Since established, volunteers are restoring native flora and the forest is flourishing. During Phase 2, two Florida scrub-jay habitats will be developed. The bird is endemic to Florida meaning you can’t find them anywhere else in the world. Land development reduces the species’ habitat. Creating more green spaces and habitat for the scrub-jays is important for the sustainability of the species which is listed as threatened. (308 E. Venice Ave., Venice, Fla. 34286, Tel: (941) 207-8224)
Bonus: The Venice Urban Forest is a nice place to walk your dog. Be sure to pick up after your pup.
8. Embrace Your Wild Side at T. Mabry Carlton Jr. Memorial Reserve
Wander through primitive Florida wilderness along some of the 100+ miles of trails in the 24,565-acre T. Mabry Carlton Jr. Memorial Reserve. The Sarasota County reserve is a place of wild solitude and ideal for picnicking, wildlife watching, hiking, off-road biking, primitive camping, paddling, and horseback riding.
Wildlife spotted in the reserve, either in person or via trail cams, include alligators, black bear, boars, bobcats, and dozens of resident and migratory birds include swallow-tailed kites, wild turkeys, and bald eagles. Before heading out, download the “Birds of Carlton Reserve” checklist. (1800 Mabry Carlton Pkwy., Venice, Fla. 37292)
Where to Eat in Venice
Yes, I’m including two restaurants in this list because eating is an adventure. Two outdoor favorites are Snook Haven Restaurant and Sharky’s on the Pier. They offer different outdoor dining experiences with a view and welcome those looking for an authentic Florida experience.
9. Nosh on Barbecue with a Waterside View at Snook Haven Restaurant
The bumpy dirt road through a canopy of trees is just the beginning of the Old Florida experience at Snook Have Restaurant. If you hear banjos, you know you’ve arrived at one of the most delicious and picturesque barbecue joints in Southwest Florida.
The riverside eatery boasts at having the best barbecue, bands, and brews on the Myakka River. In addition to lip-smacking, smoky barbecue, find Southern fare like fried green tomatoes, shrimp po’boys, and gator bites. They have an impressive selection of beer, too.
Indoor dining is available but when you dine outdoors, you’ll usually be listening to a live band while sitting under the oak trees. During the winter and spring season, the Gulf Coast Banjo Society performs most Thursdays during lunch. Throughout the year, listen to a variety of bands ranging from blues to rock to bluegrass.
Snook Haven offers canoe and kayak rentals and during the winter and spring seasons, an hour-long tour over the river.

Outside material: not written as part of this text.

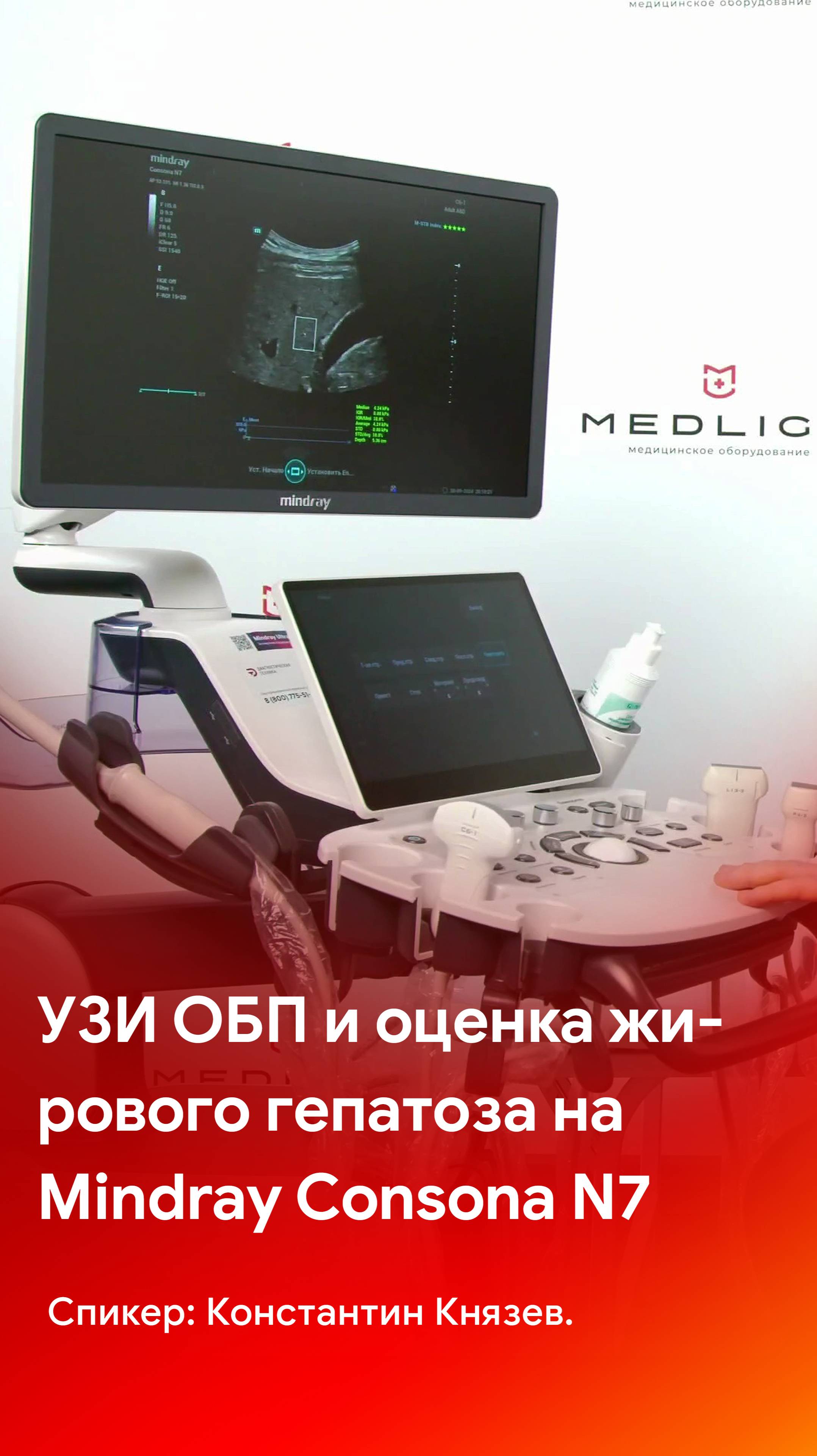 УЗИ аппарат Mindray Consona N7 и диагностика брюшной полости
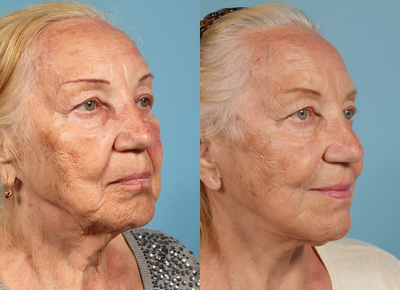 Patient treated with Facelift - Patient treated with Facelift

You’ll learn about the wildlife, probably see an alligator or two, and hear some history, including how the area was a favorite of Prohibition-era smugglers and some of the movies filmed on the river like “Tarzan’s Revenge” (1938). The restaurant is open Tuesday – Sunday, 11:30 a.m. – 8 p.m. (5000 E Venice Ave., Venice, Fla. 34292)
10. Chill at Sharky’s on the Pier
After a morning beachcombing for fossilized shark teeth or afternoon fishing, Sharky’s on the Pier is the best place to eat. Chill out and enjoy beach breezes while sipping cool beverages and tasty seafood. Several evenings a week, enjoy live music.
The beachfront restaurant sits at the base of the Venice Fishing Pier and has been voted Florida’s best beach bar for several years. The outdoor/indoor restaurant has a chill, beachy vibe.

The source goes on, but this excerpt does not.